# HTC Sense clock widget.



## shinjitsu (Aug 3, 2011)

Hell everyone. I'm looking for a weather and clock widget that basically is the exact same as the HTC sense widget. I already have fancy Widgets 1.3.0 which is the best one I've found so far, but I'm always looking for a better one. Does anyone have a better suggestion?


----------



## PatHoge (Jun 7, 2011)

Beautiful Widgets from the Market is pretty close...not perfect though.


----------



## shinjitsu (Aug 3, 2011)

Yeah I already have the older version of that cause its actually better than the newer versions. Is there any app that actually has the functioning flipping part of the widget? Or is there a way to rip that apk off of a sense device?


----------



## razorloves (Jun 7, 2011)

"shinjitsu said:


> Hell everyone. I'm looking for a weather and clock widget that basically is the exact same as the HTC sense widget. I already have fancy Widgets 1.3.0 which is the best one I've found so far, but I'm always looking for a better one. Does anyone have a better suggestion?


Fancy Widget 1.3.0 is the best match I've seen too.


----------



## shinjitsu (Aug 3, 2011)

Ok, thanks!
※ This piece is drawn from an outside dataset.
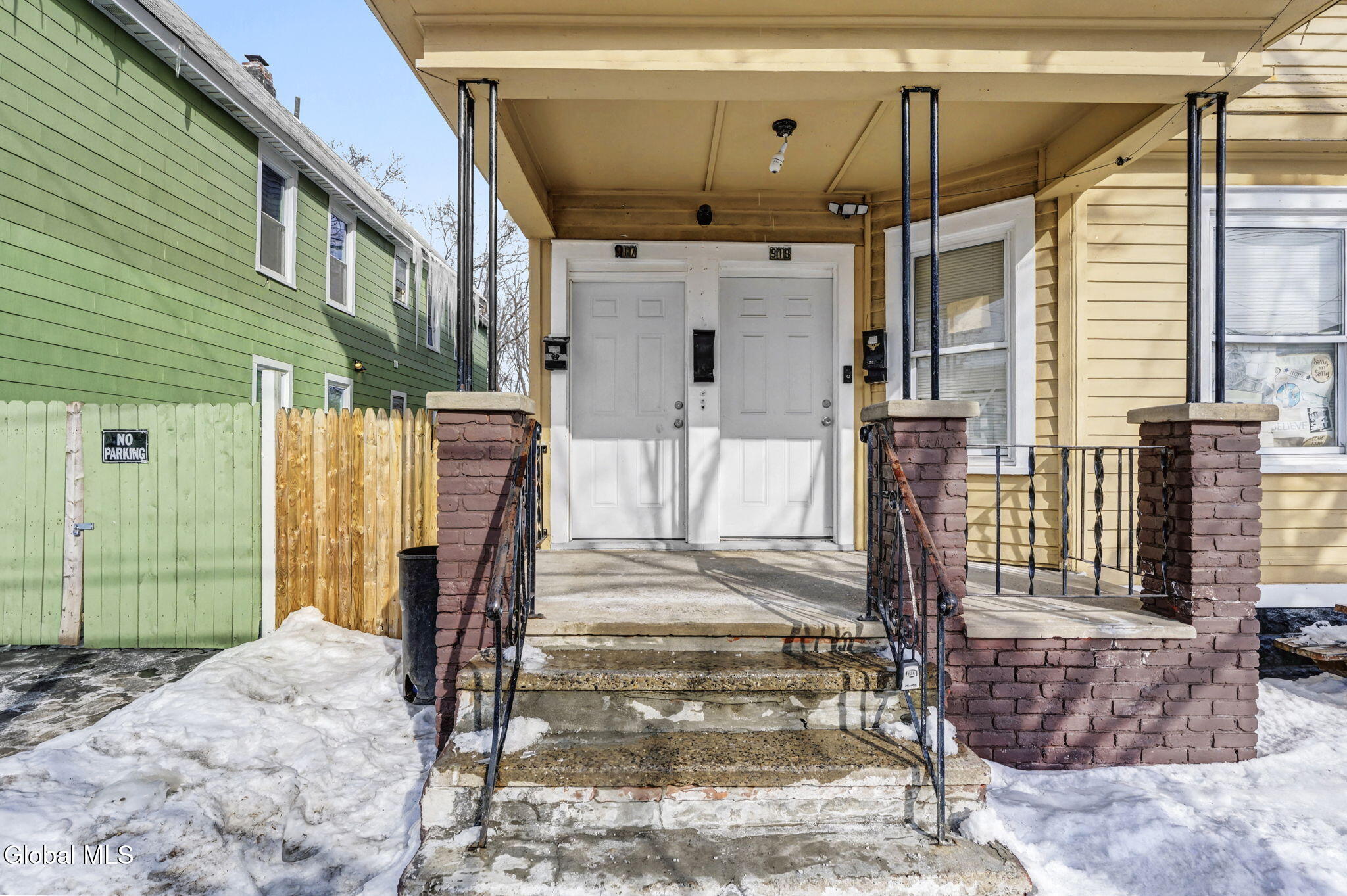 917 Bridge Street Schenectady, NY 12303 - Photo 2 of 29 8-web-or-mls-917-bridge-st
I guess I'll have to stick witht his until someone either copies the sense widget exactly or someone finds a way to extract it to droid


----------



## johnomaz (Jul 18, 2011)

No, there is no clock that has the flip motion.


----------



## BrentBlend (Jun 11, 2011)

johnomaz said:


> No, there is no clock that has the flip motion.


Yes there is, there is even a beautiful widgets add-on to get the weather animations.


----------